▶ Your instructions:
Return the lines of the listing below exactly as they appear, beginning at the one with "Купить сок концентрированный" and stopping after the one with "Książka Ania z"; do not include pictures.

▶ Extracted information:
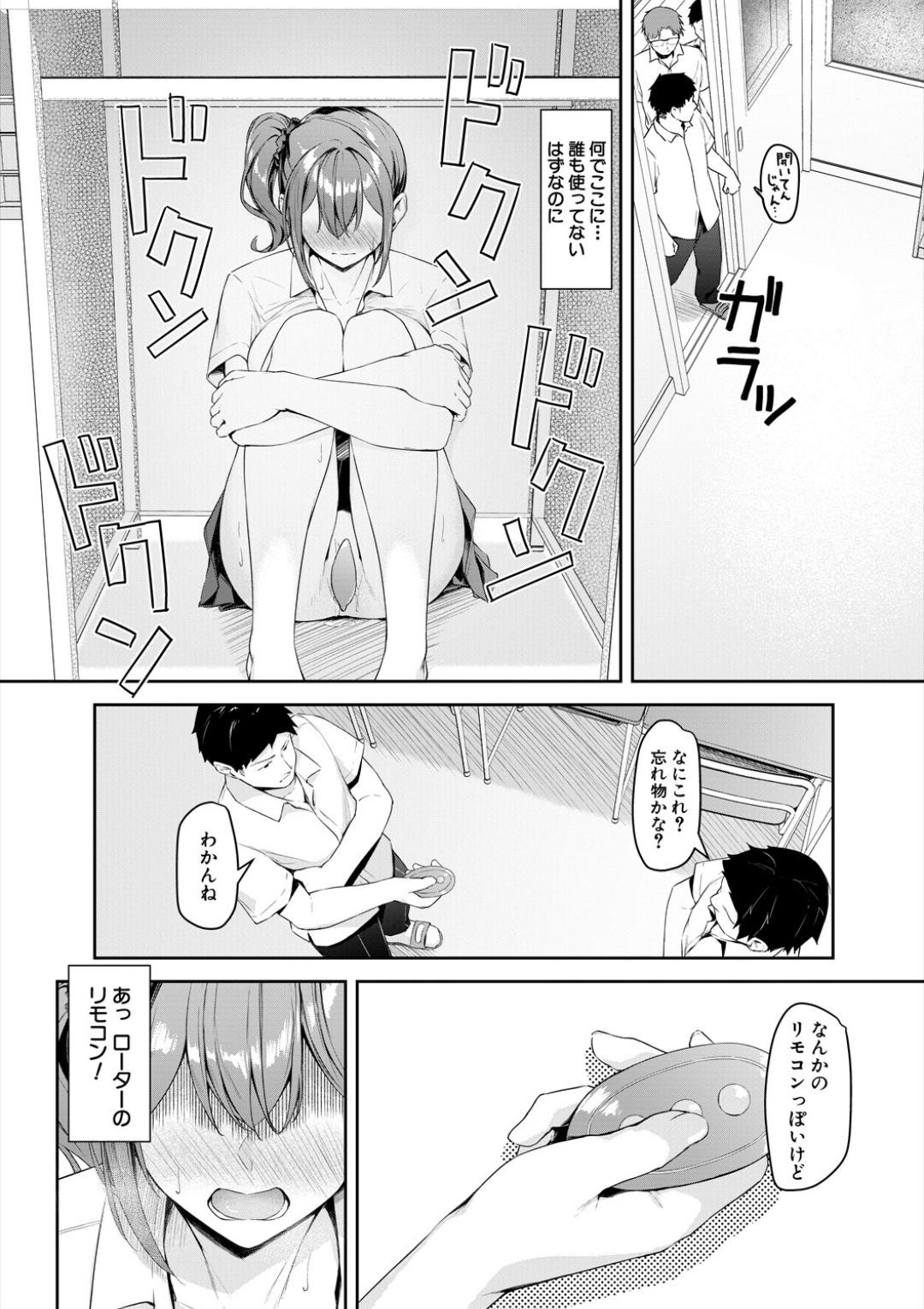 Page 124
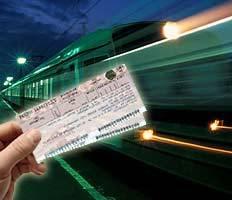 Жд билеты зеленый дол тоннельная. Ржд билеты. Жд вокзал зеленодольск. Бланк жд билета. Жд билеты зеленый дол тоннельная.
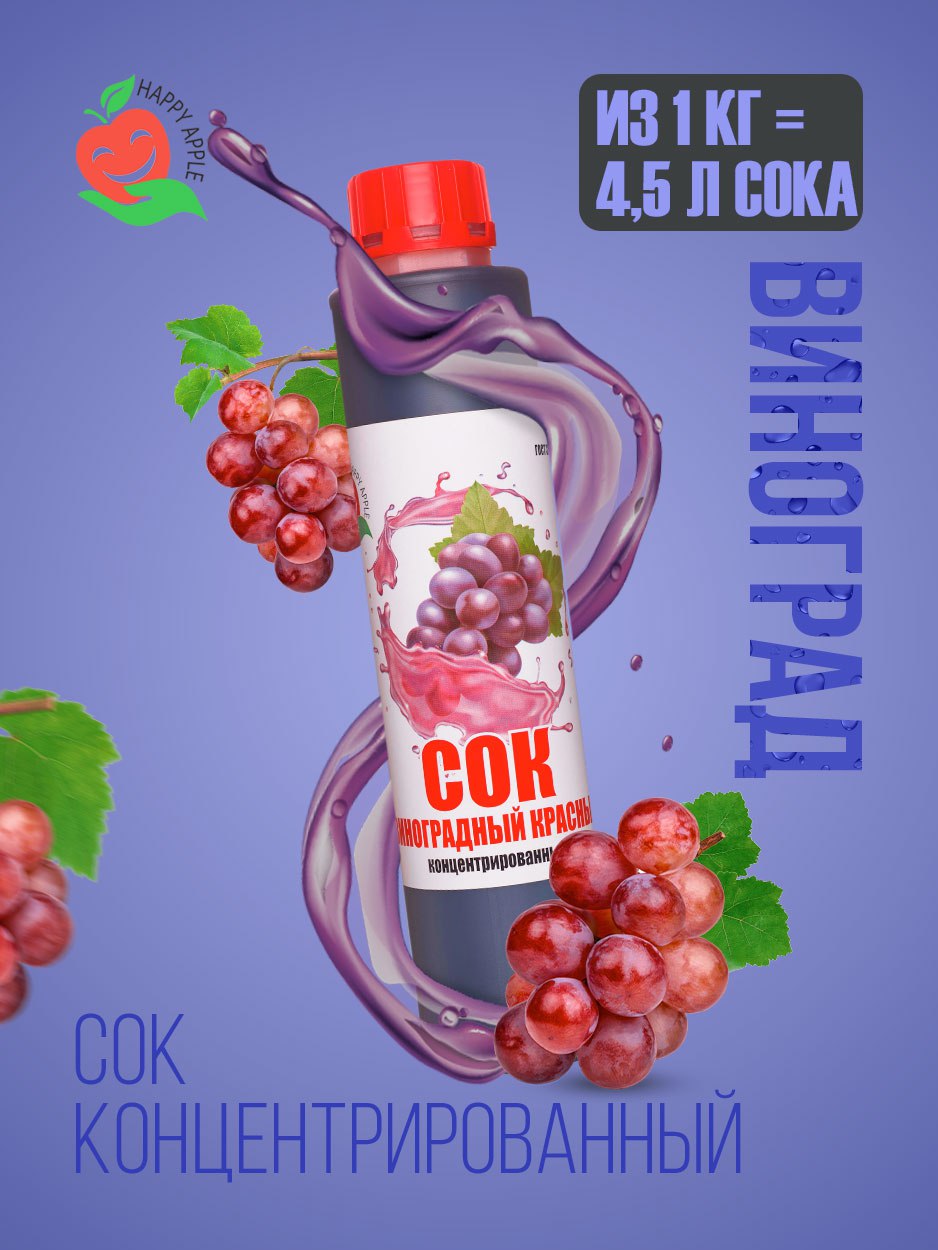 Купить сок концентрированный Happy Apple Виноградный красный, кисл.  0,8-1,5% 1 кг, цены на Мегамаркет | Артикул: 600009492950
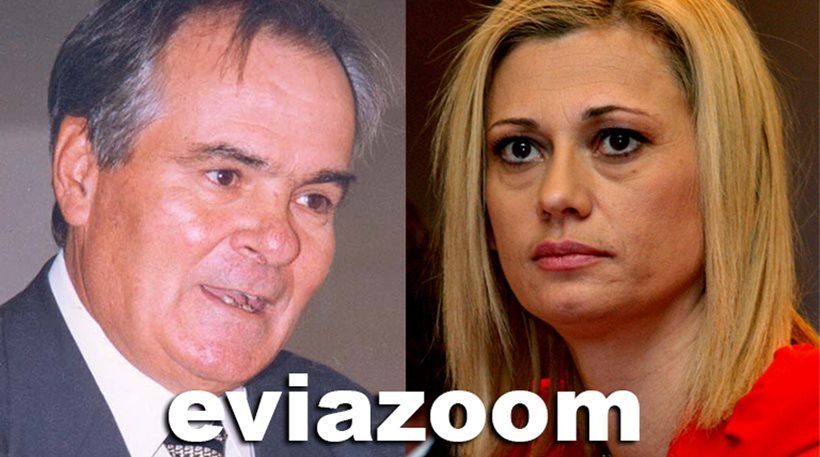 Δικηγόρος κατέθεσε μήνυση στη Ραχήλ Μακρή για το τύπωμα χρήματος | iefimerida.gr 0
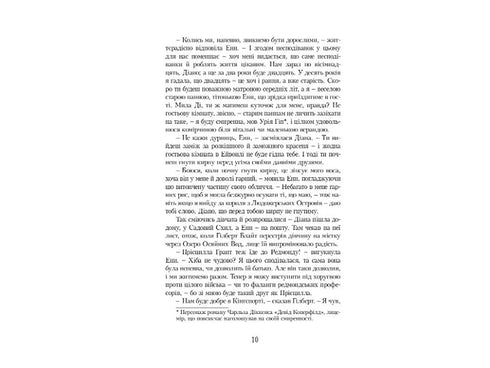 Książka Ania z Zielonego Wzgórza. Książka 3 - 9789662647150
* * *
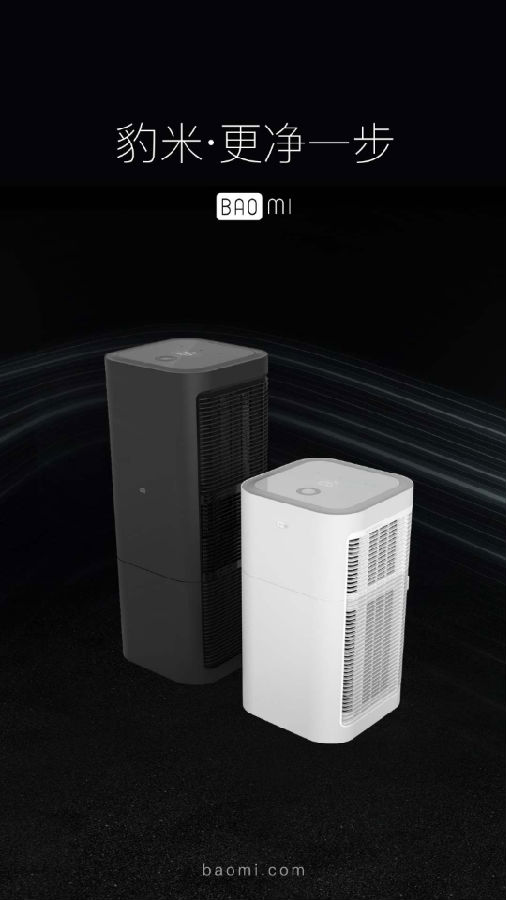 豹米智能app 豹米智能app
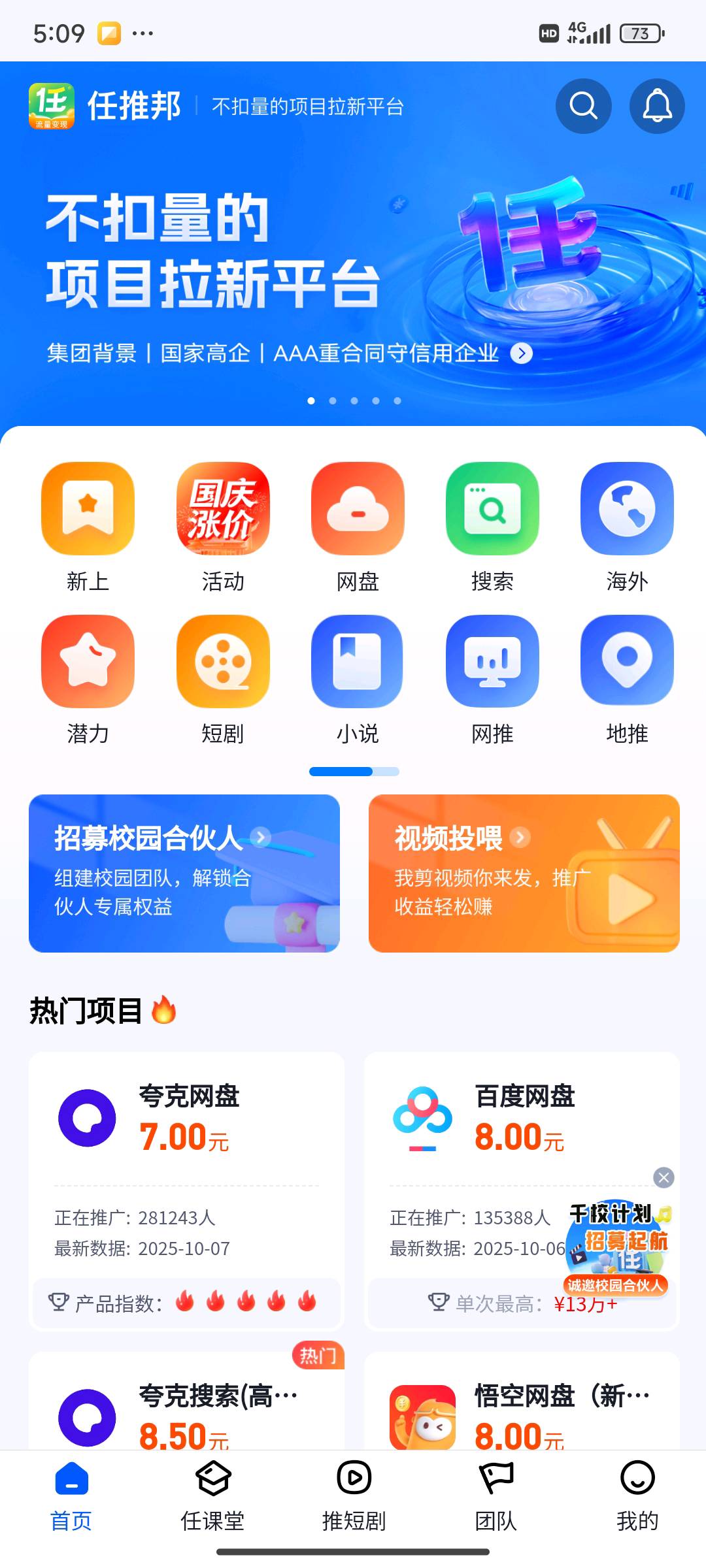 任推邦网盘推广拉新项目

▶ Your response:
 Купить сок концентрированный Happy Apple Виноградный красный, кисл.  0,8-1,5% 1 кг, цены на Мегамаркет | Артикул: 600009492950
 Δικηγόρος κατέθεσε μήνυση στη Ραχήλ Μακρή για το τύπωμα χρήματος | iefimerida.gr 0
 Książka Ania z Zielonego Wzgórza. Książka 3 - 9789662647150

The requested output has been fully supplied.